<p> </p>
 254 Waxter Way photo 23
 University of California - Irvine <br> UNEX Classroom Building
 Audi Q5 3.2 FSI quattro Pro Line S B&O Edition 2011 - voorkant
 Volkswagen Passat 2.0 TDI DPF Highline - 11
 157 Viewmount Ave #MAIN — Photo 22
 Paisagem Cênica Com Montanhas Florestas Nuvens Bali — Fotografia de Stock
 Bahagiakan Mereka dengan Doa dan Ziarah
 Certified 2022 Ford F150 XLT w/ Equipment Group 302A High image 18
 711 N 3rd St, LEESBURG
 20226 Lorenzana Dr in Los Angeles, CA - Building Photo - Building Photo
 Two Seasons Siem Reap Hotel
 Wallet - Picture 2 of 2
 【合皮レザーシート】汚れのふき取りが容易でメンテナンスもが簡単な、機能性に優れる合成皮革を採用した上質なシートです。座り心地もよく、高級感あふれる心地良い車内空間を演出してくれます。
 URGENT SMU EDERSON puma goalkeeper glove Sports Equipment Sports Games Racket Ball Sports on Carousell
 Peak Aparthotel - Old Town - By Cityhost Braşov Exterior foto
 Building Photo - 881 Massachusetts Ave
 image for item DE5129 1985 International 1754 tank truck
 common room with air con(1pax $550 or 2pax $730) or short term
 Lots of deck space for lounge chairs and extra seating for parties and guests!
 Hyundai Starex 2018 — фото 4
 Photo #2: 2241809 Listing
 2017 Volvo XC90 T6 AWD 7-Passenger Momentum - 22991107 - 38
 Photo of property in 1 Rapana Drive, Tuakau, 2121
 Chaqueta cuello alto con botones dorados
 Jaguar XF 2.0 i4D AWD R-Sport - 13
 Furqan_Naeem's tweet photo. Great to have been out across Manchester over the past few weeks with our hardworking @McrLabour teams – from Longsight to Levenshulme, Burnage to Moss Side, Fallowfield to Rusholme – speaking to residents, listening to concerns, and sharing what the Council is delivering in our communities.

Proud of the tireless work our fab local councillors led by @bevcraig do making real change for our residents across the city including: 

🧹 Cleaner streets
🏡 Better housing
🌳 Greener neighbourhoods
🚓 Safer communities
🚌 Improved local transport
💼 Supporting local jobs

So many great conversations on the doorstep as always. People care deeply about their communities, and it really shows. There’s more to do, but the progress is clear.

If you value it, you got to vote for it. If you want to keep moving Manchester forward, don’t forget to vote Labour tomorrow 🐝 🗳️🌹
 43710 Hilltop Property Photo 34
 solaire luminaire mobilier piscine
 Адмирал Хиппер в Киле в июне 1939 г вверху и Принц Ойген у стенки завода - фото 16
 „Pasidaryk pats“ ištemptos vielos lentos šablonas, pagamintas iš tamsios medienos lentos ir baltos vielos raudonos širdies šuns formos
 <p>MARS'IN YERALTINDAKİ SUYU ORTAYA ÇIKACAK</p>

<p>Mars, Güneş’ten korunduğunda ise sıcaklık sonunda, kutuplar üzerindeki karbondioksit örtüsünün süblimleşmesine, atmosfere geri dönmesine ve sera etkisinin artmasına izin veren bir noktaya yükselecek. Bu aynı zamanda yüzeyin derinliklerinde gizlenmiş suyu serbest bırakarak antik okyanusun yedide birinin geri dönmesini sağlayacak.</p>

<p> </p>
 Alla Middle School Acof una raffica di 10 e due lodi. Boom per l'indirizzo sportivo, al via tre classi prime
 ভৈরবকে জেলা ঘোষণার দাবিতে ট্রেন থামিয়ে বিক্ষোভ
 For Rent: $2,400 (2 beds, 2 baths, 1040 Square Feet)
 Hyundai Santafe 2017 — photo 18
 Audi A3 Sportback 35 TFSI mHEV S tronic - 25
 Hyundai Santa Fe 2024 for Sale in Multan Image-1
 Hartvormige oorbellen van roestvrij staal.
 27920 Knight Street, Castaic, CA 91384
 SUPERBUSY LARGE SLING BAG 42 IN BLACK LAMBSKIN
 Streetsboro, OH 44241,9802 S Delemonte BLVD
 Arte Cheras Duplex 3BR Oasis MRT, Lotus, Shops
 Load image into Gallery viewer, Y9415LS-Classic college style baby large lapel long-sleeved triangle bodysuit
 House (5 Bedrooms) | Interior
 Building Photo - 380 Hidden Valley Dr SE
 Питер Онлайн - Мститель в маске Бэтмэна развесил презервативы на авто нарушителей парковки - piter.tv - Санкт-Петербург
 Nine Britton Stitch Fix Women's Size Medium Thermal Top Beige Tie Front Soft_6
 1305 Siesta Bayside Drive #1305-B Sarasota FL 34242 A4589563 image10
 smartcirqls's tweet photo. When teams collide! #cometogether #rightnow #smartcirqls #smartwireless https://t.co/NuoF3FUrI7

■ Prompt ■
Copy out the entire material exactly.

■ Exercise response ■
<p> </p>
 254 Waxter Way photo 23
 University of California - Irvine <br> UNEX Classroom Building
 Audi Q5 3.2 FSI quattro Pro Line S B&O Edition 2011 - voorkant
 Volkswagen Passat 2.0 TDI DPF Highline - 11
 157 Viewmount Ave #MAIN — Photo 22
 Paisagem Cênica Com Montanhas Florestas Nuvens Bali — Fotografia de Stock
 Bahagiakan Mereka dengan Doa dan Ziarah
 Certified 2022 Ford F150 XLT w/ Equipment Group 302A High image 18
 711 N 3rd St, LEESBURG
 20226 Lorenzana Dr in Los Angeles, CA - Building Photo - Building Photo
 Two Seasons Siem Reap Hotel
 Wallet - Picture 2 of 2
 【合皮レザーシート】汚れのふき取りが容易でメンテナンスもが簡単な、機能性に優れる合成皮革を採用した上質なシートです。座り心地もよく、高級感あふれる心地良い車内空間を演出してくれます。
 URGENT SMU EDERSON puma goalkeeper glove Sports Equipment Sports Games Racket Ball Sports on Carousell
 Peak Aparthotel - Old Town - By Cityhost Braşov Exterior foto
 Building Photo - 881 Massachusetts Ave
 image for item DE5129 1985 International 1754 tank truck
 common room with air con(1pax $550 or 2pax $730) or short term
 Lots of deck space for lounge chairs and extra seating for parties and guests!
 Hyundai Starex 2018 — фото 4
 Photo #2: 2241809 Listing
 2017 Volvo XC90 T6 AWD 7-Passenger Momentum - 22991107 - 38
 Photo of property in 1 Rapana Drive, Tuakau, 2121
 Chaqueta cuello alto con botones dorados
 Jaguar XF 2.0 i4D AWD R-Sport - 13
 Furqan_Naeem's tweet photo. Great to have been out across Manchester over the past few weeks with our hardworking @McrLabour teams – from Longsight to Levenshulme, Burnage to Moss Side, Fallowfield to Rusholme – speaking to residents, listening to concerns, and sharing what the Council is delivering in our communities.

Proud of the tireless work our fab local councillors led by @bevcraig do making real change for our residents across the city including: 

🧹 Cleaner streets
🏡 Better housing
🌳 Greener neighbourhoods
🚓 Safer communities
🚌 Improved local transport
💼 Supporting local jobs

So many great conversations on the doorstep as always. People care deeply about their communities, and it really shows. There’s more to do, but the progress is clear.

If you value it, you got to vote for it. If you want to keep moving Manchester forward, don’t forget to vote Labour tomorrow 🐝 🗳️🌹
 43710 Hilltop Property Photo 34
 solaire luminaire mobilier piscine
 Адмирал Хиппер в Киле в июне 1939 г вверху и Принц Ойген у стенки завода - фото 16
 „Pasidaryk pats“ ištemptos vielos lentos šablonas, pagamintas iš tamsios medienos lentos ir baltos vielos raudonos širdies šuns formos
 <p>MARS'IN YERALTINDAKİ SUYU ORTAYA ÇIKACAK</p>

<p>Mars, Güneş’ten korunduğunda ise sıcaklık sonunda, kutuplar üzerindeki karbondioksit örtüsünün süblimleşmesine, atmosfere geri dönmesine ve sera etkisinin artmasına izin veren bir noktaya yükselecek. Bu aynı zamanda yüzeyin derinliklerinde gizlenmiş suyu serbest bırakarak antik okyanusun yedide birinin geri dönmesini sağlayacak.</p>

<p> </p>
 Alla Middle School Acof una raffica di 10 e due lodi. Boom per l'indirizzo sportivo, al via tre classi prime
 ভৈরবকে জেলা ঘোষণার দাবিতে ট্রেন থামিয়ে বিক্ষোভ
 For Rent: $2,400 (2 beds, 2 baths, 1040 Square Feet)
 Hyundai Santafe 2017 — photo 18
 Audi A3 Sportback 35 TFSI mHEV S tronic - 25
 Hyundai Santa Fe 2024 for Sale in Multan Image-1
 Hartvormige oorbellen van roestvrij staal.
 27920 Knight Street, Castaic, CA 91384
 SUPERBUSY LARGE SLING BAG 42 IN BLACK LAMBSKIN
 Streetsboro, OH 44241,9802 S Delemonte BLVD
 Arte Cheras Duplex 3BR Oasis MRT, Lotus, Shops
 Load image into Gallery viewer, Y9415LS-Classic college style baby large lapel long-sleeved triangle bodysuit
 House (5 Bedrooms) | Interior
 Building Photo - 380 Hidden Valley Dr SE
 Питер Онлайн - Мститель в маске Бэтмэна развесил презервативы на авто нарушителей парковки - piter.tv - Санкт-Петербург
 Nine Britton Stitch Fix Women's Size Medium Thermal Top Beige Tie Front Soft_6
 1305 Siesta Bayside Drive #1305-B Sarasota FL 34242 A4589563 image10
 smartcirqls's tweet photo. When teams collide! #cometogether #rightnow #smartcirqls #smartwireless https://t.co/NuoF3FUrI7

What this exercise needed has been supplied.